Fragmentation is structural, not a content problem
On day thirty-one of her sabbatical, Joelle called me.
She had been quiet for a month. That was the deal she had made with the elders and with her husband — three months, no church email, no pastoral calls, no sermon prep, no meetings. The first ten days she had not known what to do with herself. The next twenty she had slept more than she had slept since seminary. By day thirty-one she was ready to talk.
She did not want to talk about church. She wanted to talk about the three years that had ended her up in her kitchen in November unable to stand.
"I thought I was bad at remembering people," she said. "I thought I was bad at documentation. I thought I needed a better system. I thought I needed to be more disciplined. I tried every one of those things for three years. It kept getting worse. At some point I stopped thinking it was me and started wondering if it was the job."
"And?"
"Then I thought it was the job, and tried to find a better job. But the other pastors I know are having the same collapse. So it is not the job."
"What is it, then?"
She was quiet for a while.
"I don't know," she said. "That is what the sabbatical is for."
This chapter is for Joelle on day thirty-one. It is also for Wes and Maggie and Elias, each of whom is somewhere inside the same sequence — tried the first explanation, tried the second, tried the third, and is now sitting with the suspicion that the problem is not where any of the three explanations said it was.
I want to name what the problem actually is. Not because naming will solve it — it will not. The rest of this book will take twenty chapters to propose a pathway, and the initial build on that pathway is a four-week residency for a movement leader or a four-week system build for a non-profit domain. It is not a marathon; it is a specific, time-bound residency, and what it ends with is concrete — core content ingested, a live content layer across every theme, a working course, pathways in place. The ongoing practice of running on a foundation is, of course, permanent. But the initial gathering is four weeks, not three years. Naming the problem is the minimum load-bearing move before any of the rest of the work can begin, and in my experience the naming is what is most consistently missing from how this conversation gets had in the sector.
So: fragmentation is structural.
Not a content problem. Not a tool problem. Not a willpower problem.
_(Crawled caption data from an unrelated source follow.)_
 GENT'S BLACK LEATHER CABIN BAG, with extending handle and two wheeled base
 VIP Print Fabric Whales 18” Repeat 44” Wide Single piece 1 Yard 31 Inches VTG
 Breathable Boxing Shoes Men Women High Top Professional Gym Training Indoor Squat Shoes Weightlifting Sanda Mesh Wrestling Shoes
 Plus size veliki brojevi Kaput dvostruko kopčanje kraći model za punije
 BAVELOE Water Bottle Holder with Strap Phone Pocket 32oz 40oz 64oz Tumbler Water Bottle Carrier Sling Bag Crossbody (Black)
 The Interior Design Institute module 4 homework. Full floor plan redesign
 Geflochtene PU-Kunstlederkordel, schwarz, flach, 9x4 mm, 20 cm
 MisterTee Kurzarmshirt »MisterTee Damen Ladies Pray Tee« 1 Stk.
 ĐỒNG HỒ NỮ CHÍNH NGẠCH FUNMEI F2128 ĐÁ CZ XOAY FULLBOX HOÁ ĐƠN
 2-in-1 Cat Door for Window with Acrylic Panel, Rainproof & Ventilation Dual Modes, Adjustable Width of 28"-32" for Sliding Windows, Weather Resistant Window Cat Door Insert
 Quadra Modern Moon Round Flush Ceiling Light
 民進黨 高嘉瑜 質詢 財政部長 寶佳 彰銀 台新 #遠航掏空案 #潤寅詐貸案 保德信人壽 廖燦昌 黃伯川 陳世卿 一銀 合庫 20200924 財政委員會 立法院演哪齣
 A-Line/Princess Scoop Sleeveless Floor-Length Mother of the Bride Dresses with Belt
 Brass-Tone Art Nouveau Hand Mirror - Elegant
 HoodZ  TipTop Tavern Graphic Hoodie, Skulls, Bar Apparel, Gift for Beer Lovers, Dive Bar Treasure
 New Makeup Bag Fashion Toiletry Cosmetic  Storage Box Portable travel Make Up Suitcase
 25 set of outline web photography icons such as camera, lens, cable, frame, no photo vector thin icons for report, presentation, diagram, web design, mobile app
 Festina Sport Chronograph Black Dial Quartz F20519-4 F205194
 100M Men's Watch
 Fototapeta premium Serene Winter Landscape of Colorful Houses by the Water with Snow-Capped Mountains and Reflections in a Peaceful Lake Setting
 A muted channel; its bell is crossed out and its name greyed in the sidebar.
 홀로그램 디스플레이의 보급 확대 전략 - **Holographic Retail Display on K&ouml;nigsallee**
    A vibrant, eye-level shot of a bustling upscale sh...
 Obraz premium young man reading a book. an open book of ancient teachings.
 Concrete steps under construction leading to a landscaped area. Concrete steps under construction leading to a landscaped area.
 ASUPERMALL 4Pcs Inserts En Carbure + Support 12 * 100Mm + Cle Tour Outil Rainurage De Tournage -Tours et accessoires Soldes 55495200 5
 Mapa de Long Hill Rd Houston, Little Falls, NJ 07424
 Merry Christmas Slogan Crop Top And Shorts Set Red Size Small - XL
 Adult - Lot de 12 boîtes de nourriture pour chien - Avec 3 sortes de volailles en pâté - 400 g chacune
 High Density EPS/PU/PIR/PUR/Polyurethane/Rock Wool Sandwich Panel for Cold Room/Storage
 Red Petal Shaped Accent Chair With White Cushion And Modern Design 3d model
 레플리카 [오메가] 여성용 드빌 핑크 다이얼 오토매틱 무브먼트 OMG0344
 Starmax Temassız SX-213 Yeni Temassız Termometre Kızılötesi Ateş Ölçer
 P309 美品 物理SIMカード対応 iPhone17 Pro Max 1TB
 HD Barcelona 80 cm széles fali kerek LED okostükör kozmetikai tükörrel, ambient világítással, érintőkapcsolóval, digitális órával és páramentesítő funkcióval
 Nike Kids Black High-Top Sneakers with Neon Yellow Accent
A condition of the foundation.
I want to defend each of those three negations before defending the positive claim, because every leader I have worked with has tried at least one of the three first, usually for years, often for hundreds of thousands of dollars or equivalent staff time. And I want to take each one seriously, because the fact that they persist — across sectors, across generations of leaders, across repeated evidence of failure — is itself a data point about how the sector has been taught to see the problem.
The content misreading
The first thing a leader tries is almost always a content fix.
The content fix says: we have not written enough of it down. If we write more of it down, with more rigor, and put it in a better place, we will solve the problem.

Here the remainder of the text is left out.